Los tópicos y los estereotipos son fundamentales, una caricatura dice más de una persona que un retrato hiperrealista. Esto también vale para los colectivos, no tanto por lo de «cómo nos llamen los de fuera» (puntualidad británica, precisión suiza, trabajo de chinos…) sino sobre todo por cómo te llamas a ti mismo. Qué relato construyes, y por qué. A quién quieres encontrar cuando te mires al espejo. Parece ser (leo) que el relato nacional español se forja al mismo tiempo que en Cataluña se va gestando la Renaixença cultural, en el siglo XIX, y que por tanto también el protagonismo de los toros y las flamencas (los conocidos souvenirs de la Rambla) proviene de un imaginario romántico. De inspiración muy francesa, o mejor dicho, antifrancesa: a raíz de la revuelta contra la ocupación napoleónica, el nacionalismo español encuentra su propio relato justamente en el tópico de que los franceses hicieron de la españolidad. Mujeres con ojos ardientes, hombres que se ocupan más de vivir que de trabajar, amores apasionados, Carmenes, bandoleros, guitarras, castañuelas, solo, toros (ya transformados en espectáculos de masas en el siglo XIX)… en definitiva una cierta falta de modernidad transformada en orgullo vitalista y natural. Exaltación de lo pasional, primitivo, auténtico, esencial. La sangre, el sol, el sexo, la vida. Un relato que en el fondo era bastante envidiado, entonces, por algunos europeos demasiado cuadriculados y ‘titafredes’ (‘pichafrías’). La búsqueda de la esencia humana más ancestral y desnuda de artificios, lo que Bigas Luna supo retratar tan bien cuando Javier Bardem toreaba desnudo bajo la luz de la luna. Sin nadie más. Piel a piel, los dos, tú y yo. Y la verónica.

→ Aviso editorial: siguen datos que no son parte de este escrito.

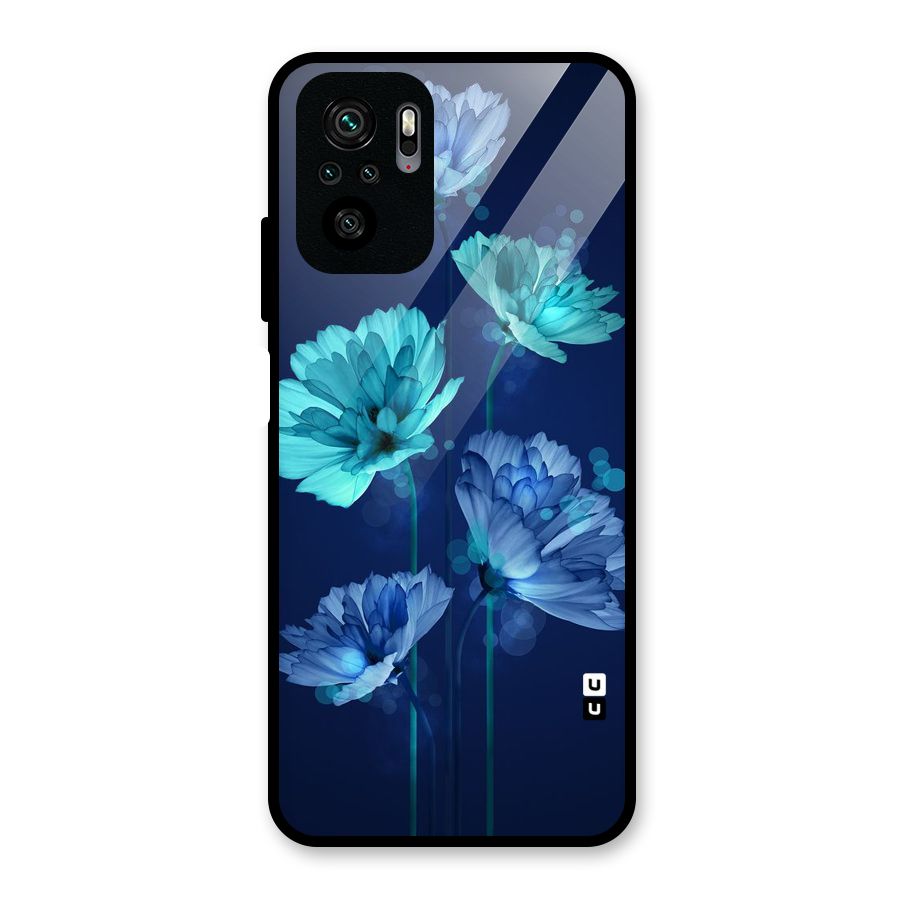 Water Flowers Glass Back Case for Redmi Note 11 SE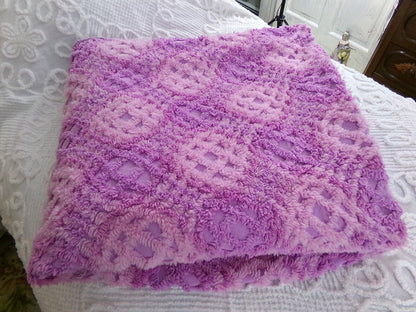 Webbed Optic Vintage Chenille Bedspread Fantasy Unicorn Color Full Sz Boxed & Fitted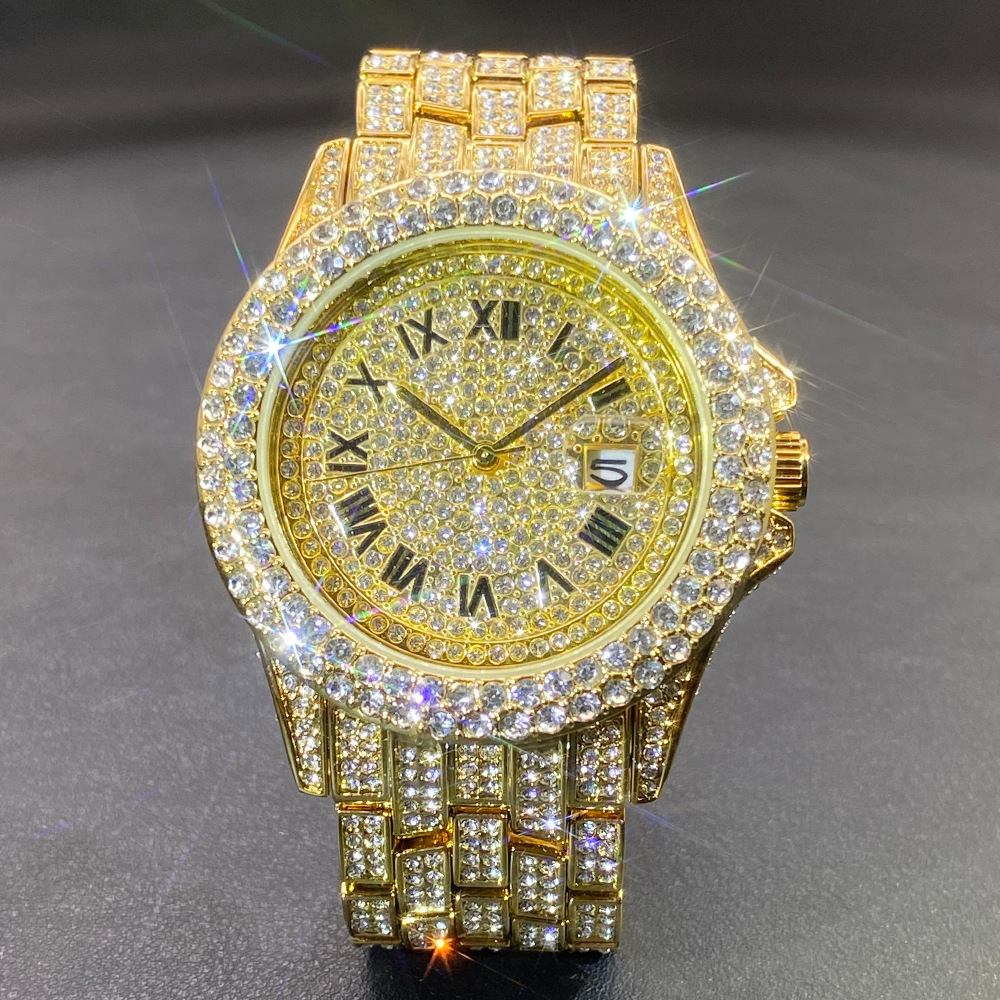 メンズ向け大型ゴールドシルバーブラック腕時計、ヒップホップ風 - Luxury Watch Gold のレビューと価格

El relato español es, pues, de raíz tan romántica como el catalán y muy inspirado en el barroco y el postbarroco. No es nostálgico: es de cojones, y vale. El relato catalán es, en cambio, medievalista y nostálgico por necesidad: la añoranza de unas libertades y unas constituciones previas a los estados modernos y el enlace directo con la Renaixença cultural, la industrialización y el modernismo. Esto nos construye una caricatura de agricultores y de tacaños, de desconfiados y pragmáticos, obsesionados con la preservación de las raíces (y el dinero) y cuidadosos de parecer más modernos que nadie. No creo que esto sea muy compatible, hoy en día, con un imaginario basado en las pasiones, la sangre y el sol. Mientras escribo me doy cuenta de que tenemos un estereotipo racionalista, en contraste con el estereotipo emocional y vitalista español. Tal vez las emociones las emitimos de otra manera: a través de la reivindicación nacional, de la defensa de la lengua y del recuerdo (nostálgico) de demasiados siglos sin autogobierno. Nuestra emoción pasa más filtros, no torea un animal a la luz de la luna sino que construye ordenadas torres humanas, escribe gramáticas, cuenta para bailar o se numera para hacer manifestaciones. Son dos romanticismos diferentes, pero romanticismos ambos, y crean relatos diferentes porque tienen (y quieren tener) una visión diferente del mundo. No importa si en Cataluña hubo muchos toros y si algún Cabré se llevó a Ava Gardner a la cama, en el espejo queremos ver otra cosa. No ahora, sino ya desde aquel siglo XIX en el que se hacían los relatos. Y todo el mundo sabe que los relatos no tienen por qué ser del todo ciertos, pero deben ser verosímiles: quizás por eso, aquí nunca han triunfado los cuentos de hadas federalistas.